▶ _Assignment_: Within the records below, find the line with "Apartments Ava" and the line with "Hedin, Sven; schwed.", then reproduce exactly those two lines and all lines between them, without any picture.

▶ _Records provided_:
*-*-*
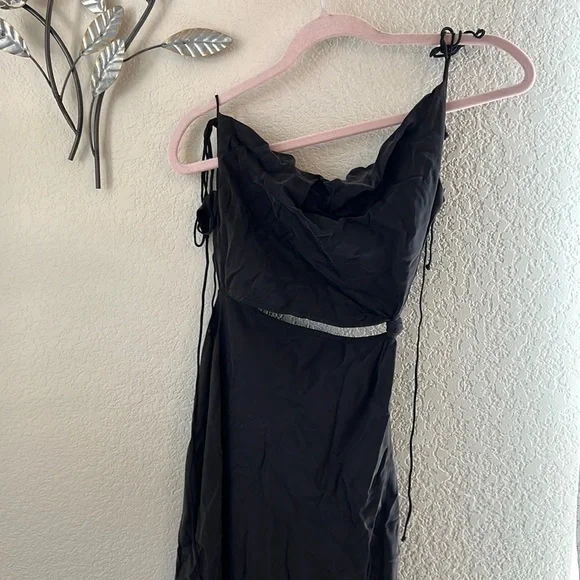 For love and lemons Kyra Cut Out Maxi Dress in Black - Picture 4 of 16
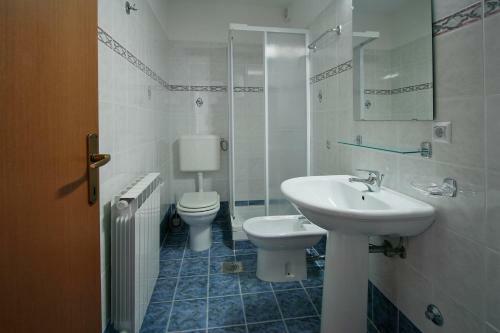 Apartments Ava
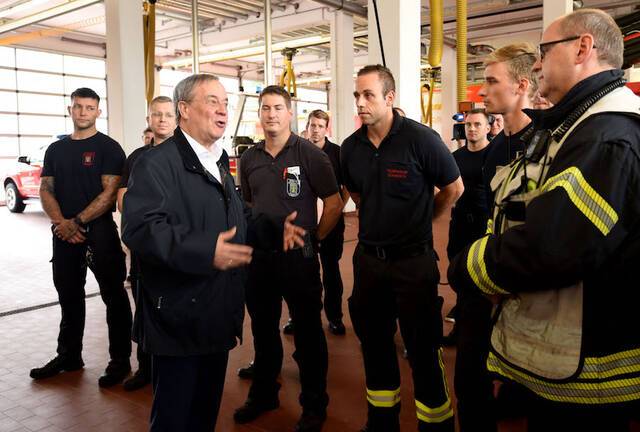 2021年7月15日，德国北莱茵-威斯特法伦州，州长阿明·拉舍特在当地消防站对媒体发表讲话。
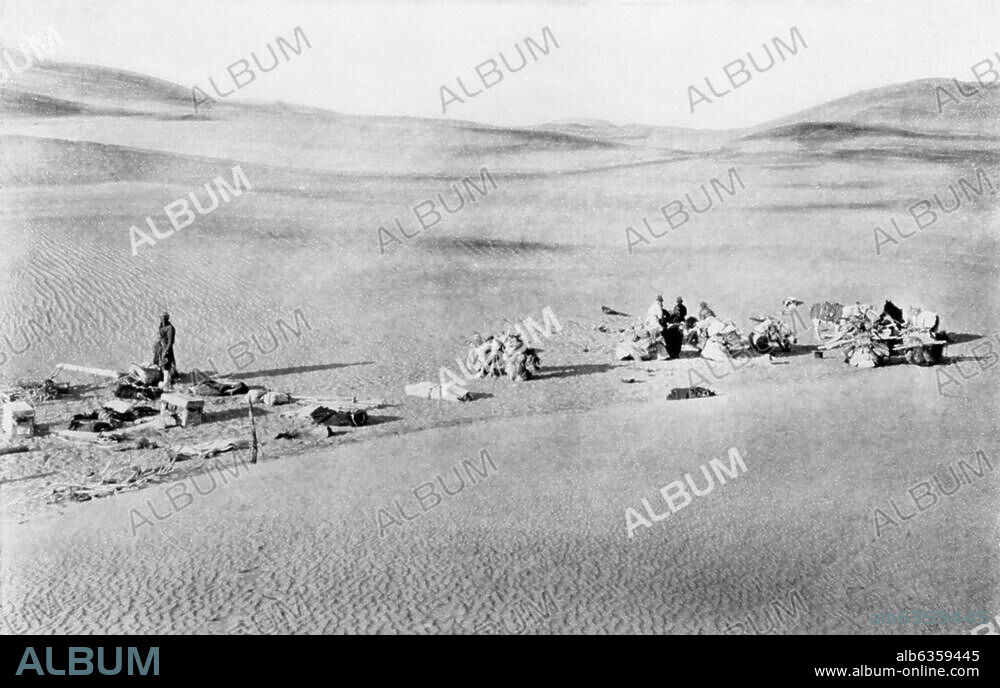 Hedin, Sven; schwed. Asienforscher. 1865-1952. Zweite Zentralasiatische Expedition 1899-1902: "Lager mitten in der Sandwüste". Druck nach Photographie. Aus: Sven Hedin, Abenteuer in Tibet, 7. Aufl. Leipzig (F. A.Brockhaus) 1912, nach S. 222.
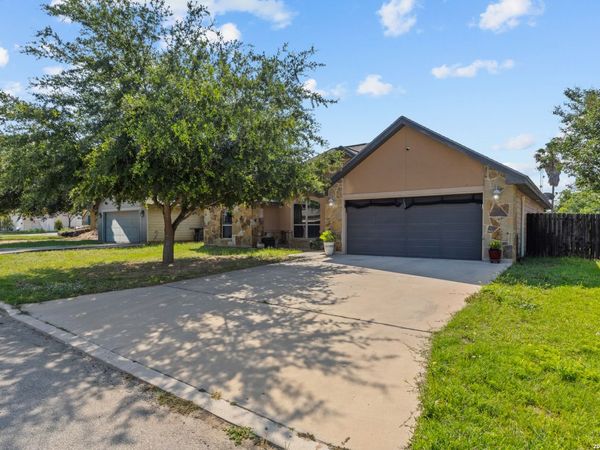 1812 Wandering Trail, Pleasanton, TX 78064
*-*-*
▶ _Task answer_:
 Apartments Ava
 2021年7月15日，德国北莱茵-威斯特法伦州，州长阿明·拉舍特在当地消防站对媒体发表讲话。
 Hedin, Sven; schwed. Asienforscher. 1865-1952. Zweite Zentralasiatische Expedition 1899-1902: "Lager mitten in der Sandwüste". Druck nach Photographie. Aus: Sven Hedin, Abenteuer in Tibet, 7. Aufl. Leipzig (F. A.Brockhaus) 1912, nach S. 222.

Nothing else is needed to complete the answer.